Further, the ink jet recording apparatus according to the present invention can be applied to either the serial head system shown in FIG. 2A or the line head system shown in FIG. 2B.
The line head has nozzle rows in a direction orthogonal to the paper transport direction, and the length of the nozzle rows is equal to the paper width.

  As a means for generating ink ejection energy in the ink jet head constituting the recording head 14, a thermal actuator using a phase change caused by liquid film boiling using a piezoelectric actuator such as a piezoelectric element or an electrothermal conversion element such as a heating resistor. A shape memory alloy actuator using a metal phase change due to a temperature change, an electrostatic actuator using an electrostatic force, or the like can be applied.

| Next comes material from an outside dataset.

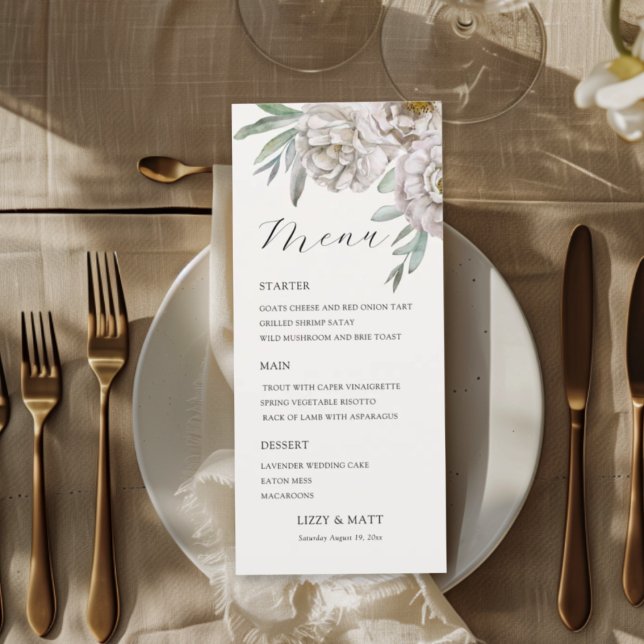  Modern beige & Off White Floral Wedding Menu (Creator Uploaded)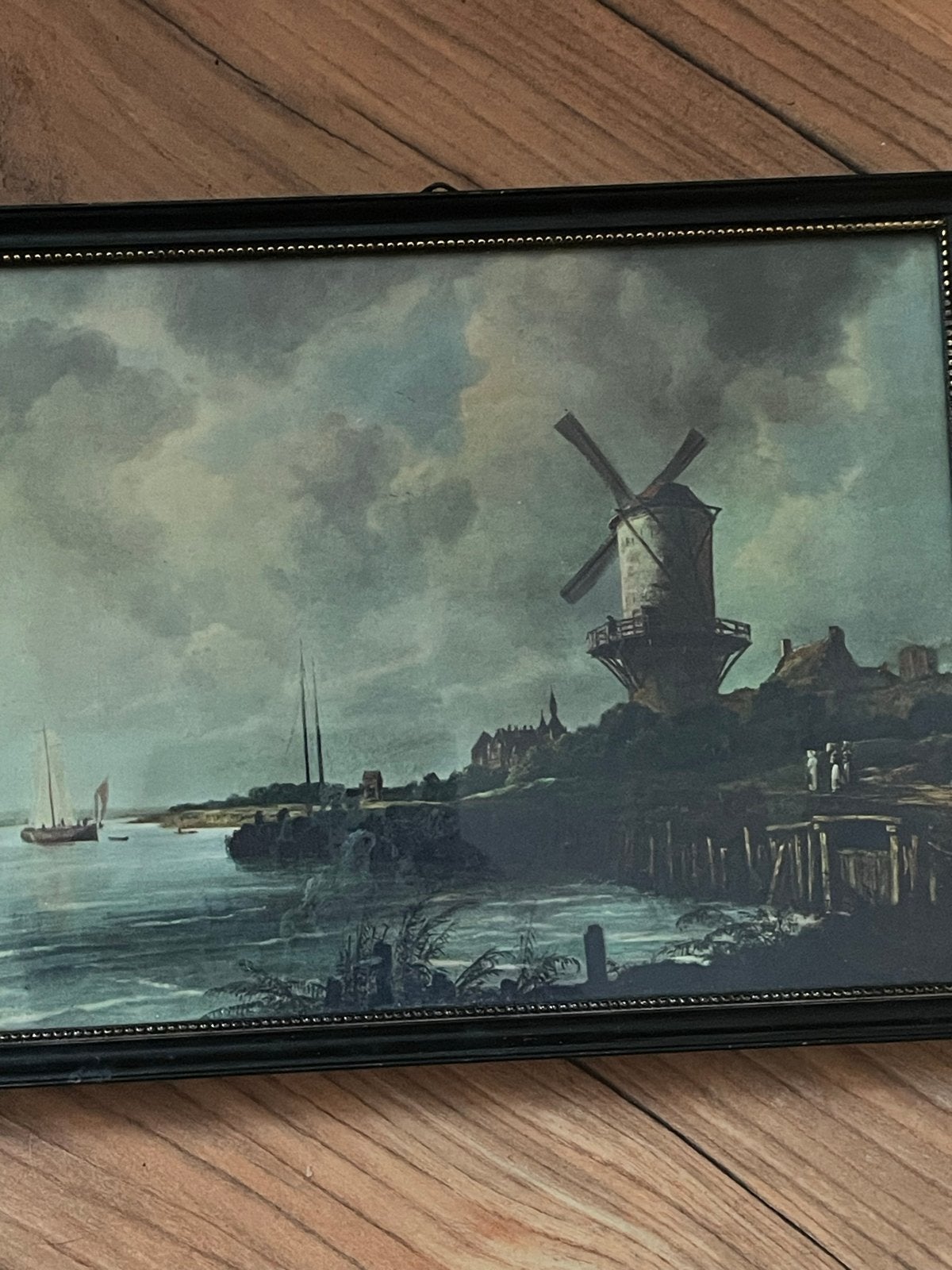 Oud schilderij van kunsthandel Groeneveld - Molen aan water, Maritiem / water, Doek, Ophalen of Verzenden, Olieverf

As the electrothermal conversion element, an electrothermal conversion element having a non-linear characteristic in which the resistance value hardly changes even when a low voltage is applied and the resistance value greatly changes when a voltage of a certain level or more is applied is preferable.
In an electrothermal conversion element having a linear characteristic, when a plurality of heat generating means are selectively driven, noise voltage is applied to the non-selected heat generating means, energy is wasted, and the drive voltage is affected to affect the ink. There is a drawback that the discharge amount changes and the recorded image is affected. In particular, in an inkjet recording head that applies voltages to a plurality of vertical wirings and a plurality of horizontal wirings and selectively drives heating means arranged in a matrix at intersections of the vertical wirings and the horizontal wirings, the driving process In this case, a voltage lower than the driving voltage may be applied to the non-selected heat generating means. If this voltage is in the forward direction, unnecessary heat generation occurs in the non-selected heat generating means. If unnecessary heat is generated and heat is accumulated, if it is heated when it is ejected, it will generate more heat than specified, and as a result, an excessive amount of ink will be ejected. As a result, the ink discharge amount varies from nozzle to nozzle.
On the other hand, by using an electrothermal conversion element having a non-linear characteristic, even if a voltage lower than the driving voltage such as noise is applied to the heat generating means, unnecessary heat generation does not occur, so that variation in ink discharge amount can be suppressed, and printed matter The graininess and gradation are improved. Further, unnecessary heat generation can be prevented, so that waste of energy is prevented.

In addition, the resistance value of each electrothermal conversion element of the recording head can be measured, and the drive voltage applied to each electrothermal conversion element can be adjusted based on the resistance value.
In particular, when the recording head has a long shape, the resistance value of the electrothermal conversion element for each nozzle tends to vary, and as a result, there is a disadvantage that the amount of ejected ink varies. By feeding back the resistance value of the electrothermal resistance element and adjusting the applied voltage, it is possible to eject ink droplets of an ideal size.
Furthermore, when a thermal recording head is used, a protective layer may be provided on the electrothermal conversion element (discharge energy generator). By providing a protective layer, erosion by ink, kogation (burning of ink components) and cavitation (destruction due to impact when bubbles shrink) do not act directly on the electrothermal conversion element, preventing damage to the electrothermal conversion element. The life of the conversion element can be extended.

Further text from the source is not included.